During his short life, singer and harmonica player Cyril Davies played a key role in popularizing American Blues music in the U.K. in the 1960s, both as a performer and bandleader and as the driving force, with partner Alexis Korner, behind a pair of influential venues. Blues Incorporated, the band Davies started with guitarist Korner, is credited as the first British band to play electric Blues and R&B, and an inspiration for many musicians who would go on to fame, including members of the Rolling Stones, Cream, Led Zeppelin and the Yardbirds.

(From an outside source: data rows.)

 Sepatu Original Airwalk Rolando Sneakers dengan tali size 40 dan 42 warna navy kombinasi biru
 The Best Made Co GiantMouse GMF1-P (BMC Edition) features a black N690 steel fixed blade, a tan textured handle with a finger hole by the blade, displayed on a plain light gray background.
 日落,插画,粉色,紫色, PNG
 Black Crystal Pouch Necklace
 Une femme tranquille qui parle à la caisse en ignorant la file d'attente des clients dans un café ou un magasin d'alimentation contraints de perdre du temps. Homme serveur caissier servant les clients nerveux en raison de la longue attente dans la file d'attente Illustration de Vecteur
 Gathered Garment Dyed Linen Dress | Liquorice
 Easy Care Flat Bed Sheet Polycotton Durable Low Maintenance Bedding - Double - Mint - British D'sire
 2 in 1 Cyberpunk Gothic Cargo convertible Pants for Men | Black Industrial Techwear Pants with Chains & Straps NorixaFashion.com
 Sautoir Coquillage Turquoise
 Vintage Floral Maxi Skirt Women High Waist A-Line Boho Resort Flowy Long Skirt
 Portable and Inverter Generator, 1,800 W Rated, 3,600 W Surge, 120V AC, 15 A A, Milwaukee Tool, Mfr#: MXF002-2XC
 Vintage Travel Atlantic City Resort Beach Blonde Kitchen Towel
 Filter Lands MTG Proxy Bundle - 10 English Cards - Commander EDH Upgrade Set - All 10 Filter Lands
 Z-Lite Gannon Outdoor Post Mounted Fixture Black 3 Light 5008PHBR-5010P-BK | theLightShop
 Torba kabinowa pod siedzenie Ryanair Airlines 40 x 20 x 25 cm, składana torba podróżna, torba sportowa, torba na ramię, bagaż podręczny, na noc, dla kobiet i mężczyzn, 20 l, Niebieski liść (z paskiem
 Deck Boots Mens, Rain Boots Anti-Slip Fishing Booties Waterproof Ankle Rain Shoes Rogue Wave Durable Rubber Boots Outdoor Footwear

Davies began playing music publicly in the early 1950s, as a banjo player in a Trad Jazz band. By 1954 he’d formed an acoustic Blues/Skiffle duo with Alexis Korner, playing 12-string guitar, but without a venue dedicated to such music, the pair struggled to book shows. Soon Davies and Korner opened the London Blues and Barrelhouse Club, which drew crowds for shows by visiting American bluesmen such as Muddy Waters and Memphis Slim. Around this time, after hearing the Chess recordings of Little Walter, Davies concentrated his musical efforts on playing Chicago-style harmonica.
In 1962, Davies and Korner opened the Ealing Club and formed Blues Incorporated to be the house band. The band’s informal lineup at times included drummer Charlie Watts (later of the Rolling Stones) and bassist Jack Bruce (later of Cream). The club became one of the centers of the Blues boom that gripped London in the early 60’s; regular patrons included Mick Jagger and Keith Richard the Rolling Stones, Eric Clapton , John Mayall and Rod Stewart.
In 1963 Davies struck out on his own and formed the Cyril Davies R&B All-Stars, which at one point featured future Led Zeppelin guitarist Jimmy Page. The band quickly became a top live act, and may have gone on to larger success in the British Invasion, but fate intervened: Davies became ill with pleurisy late in 1963 and died in January 1964 at the age of 31.